Upholding Professional Standards 2018/19
14 December 2020
Welcome to the Upholding Professional Standards review for 2018/19
We know that the vast majority of the 199,000 solicitors and 10,300 law firms we regulate do a good job and provide high-quality legal services. But, when people or firms fall short of the standards that we set, we can take action to enforce our standards and make sure that the public can continue to place confidence in the profession. This report looks at how and when we do that.
It also looks at the key themes in our work. You will see that, during 2018/19, we continued to receive reports, 64 in total, about sexual harassment in the workplace. This year, new themes have emerged in relation to ground rents and leasehold issues, as well as solicitor health and wellbeing.
This year’s review covers a transition period during which we brought in a new Enforcement Strategy and implemented a new assessment and early resolution process. The new process focuses on upfront engagement with all concerned, delivering earlier outcomes and improving customer service. I anticipate this will make quite a difference to the shape of investigations work in future reports.

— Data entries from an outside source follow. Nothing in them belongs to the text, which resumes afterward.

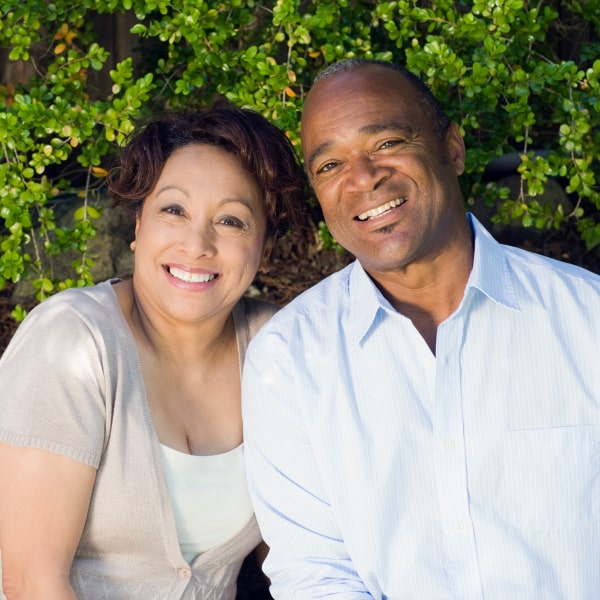 A mature couple smiling with their dental crowns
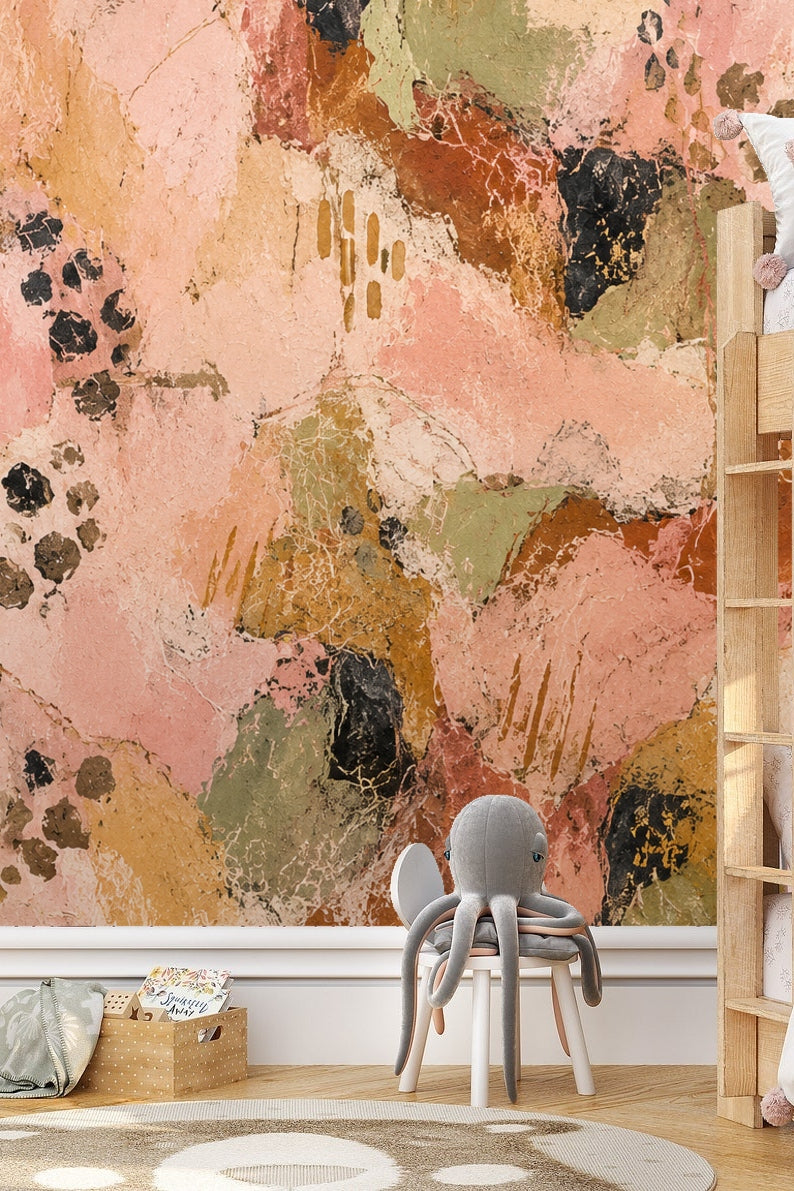 Artistic abstract wallpaper in warm earthy colors shown in nursery interior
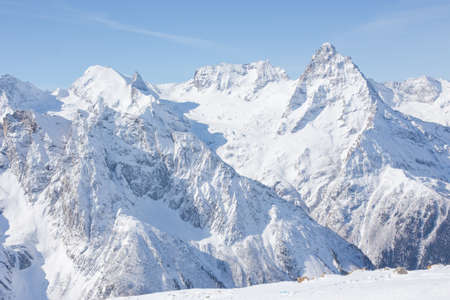 Winter mountains with high peaks. Snowboarding and skiing, enjoying the snowy landscapes. Lifestyle snowboarding, adventure, sports and travel.の写真素材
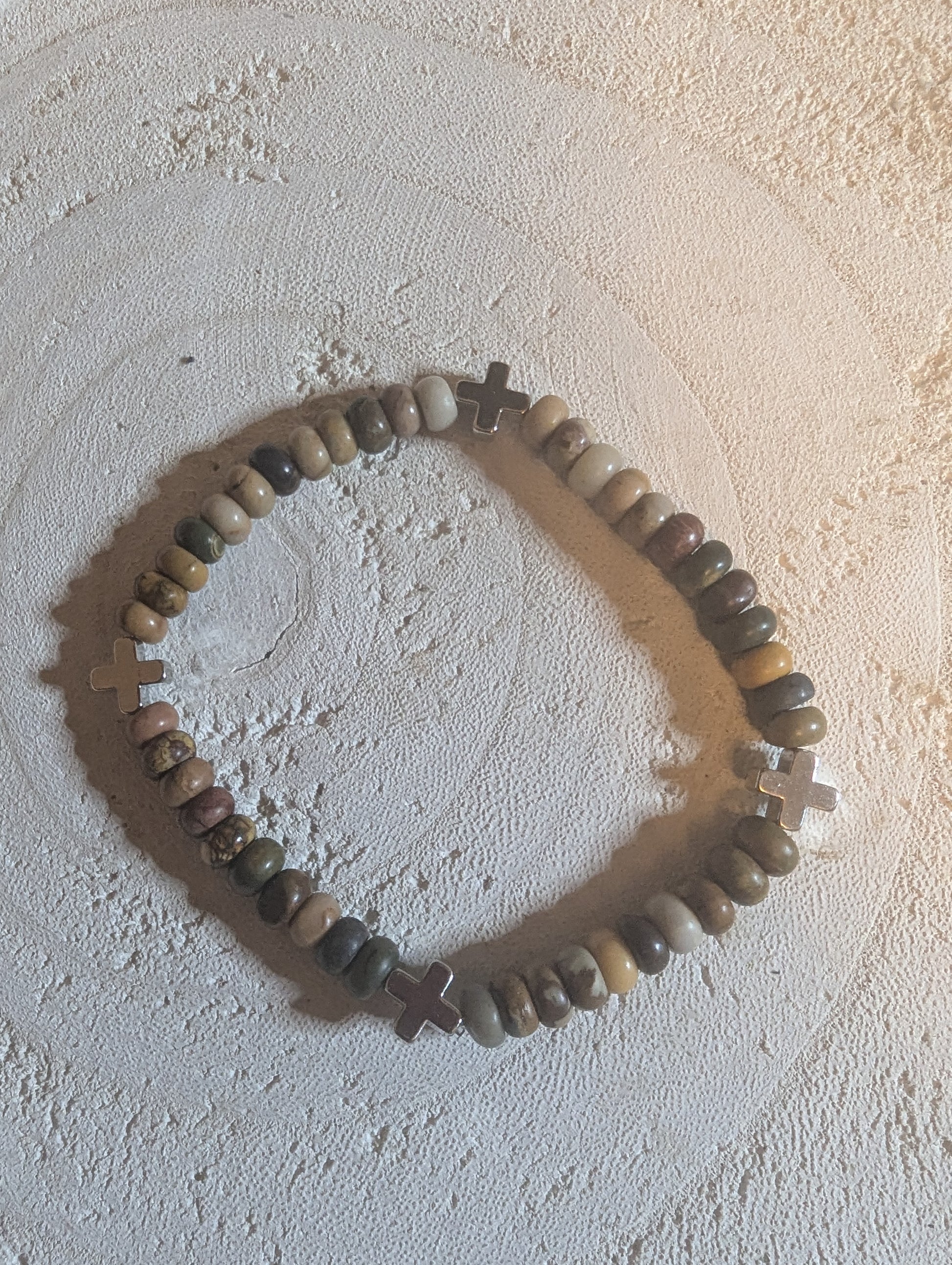 Multi colored beaded bracelet with  silver crosses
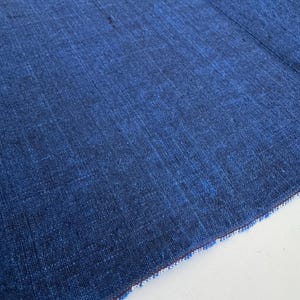 Könnte beinhalten: Ein tiefblauer Textilstoff mit einer sichtbaren Webstruktur und Variationen in der Farbintensität. Das Material zeigt ein dichtes, ineinandergreifendes Muster aus dunkel- und mittelblauen Fäden, das ein gleichmäßiges Oberflächenbild erzeugt.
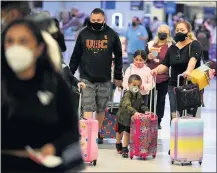  ?? PHOTO BY AXEL KOESTER ?? Travelers check in their luggage at Terminal 7 on the eve of what is expected to be a busy Independen­ce Day weekend at LAX on Friday.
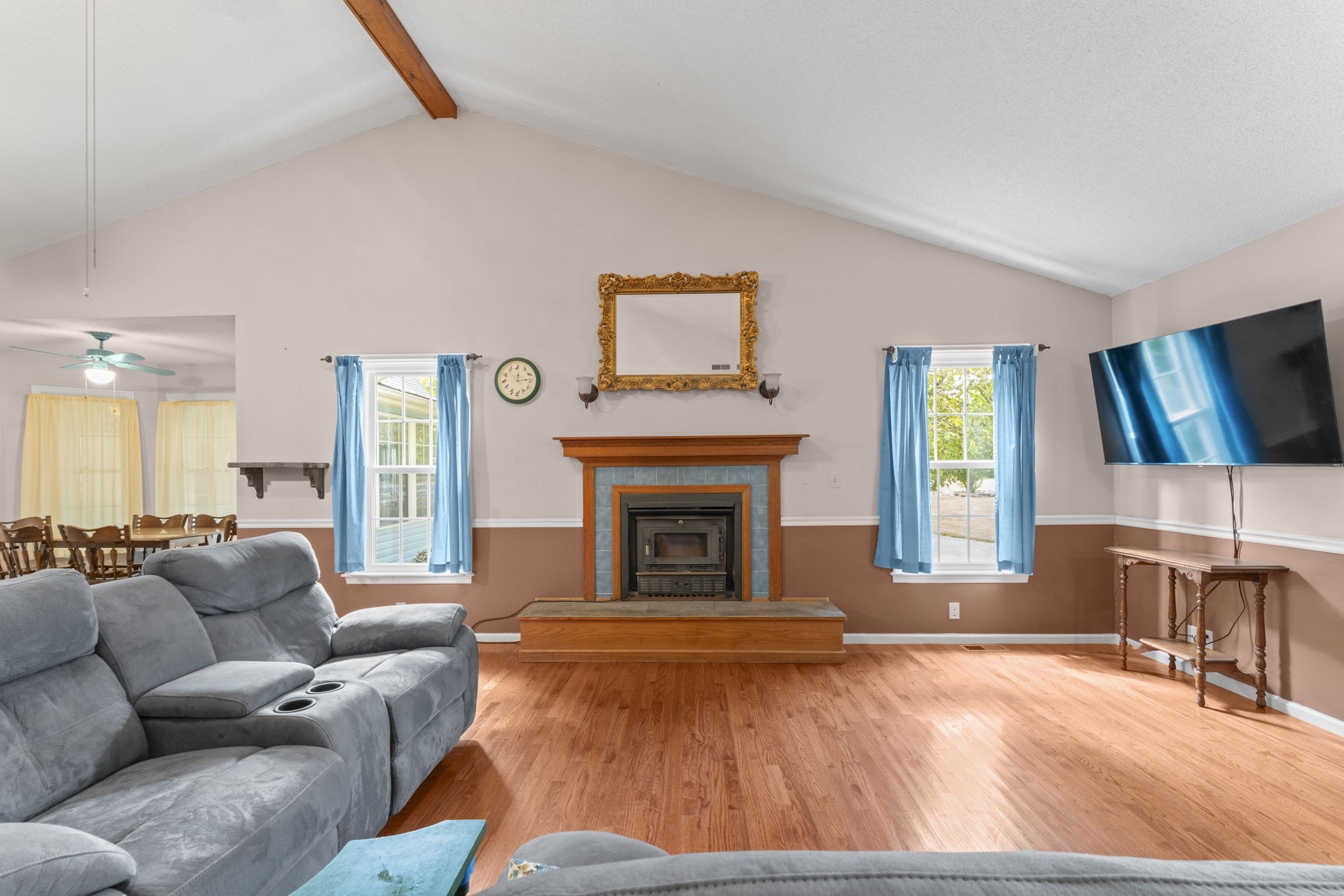 6737 Windrow Road Rockvale, TN 37153 - Photo 6 of 49 a living room with furniture a fireplace and a flat screen tv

In this report we have, for the first time since 2014, reported on the diversity characteristics of the people involved in our enforcement processes. There are various practical reasons why we have been unable to report on this aspect of enforcement work in recent years. While we tackled these, we have taken forward important steps to address the recommendations set out in an earlier independent review of diversity in enforcement.
The new data shows that there continues to be an overrepresentation of men and people from an ethnic minority background in the set of solicitors about whom concerns are raised. The key question for us now is, what can we do to change this for the future? To help answer this question, we have committed to commissioning independent research in 2021 to understand the structural factors that bring such overrepresentation to our front door, and to identify what we can do about this and where we can work with others to make a difference. These are difficult issues and it is certainly time to see what we can all do to shift the dial.
I hope this year's report will offer some insight into what is a critical, complex and often challenging area of our work.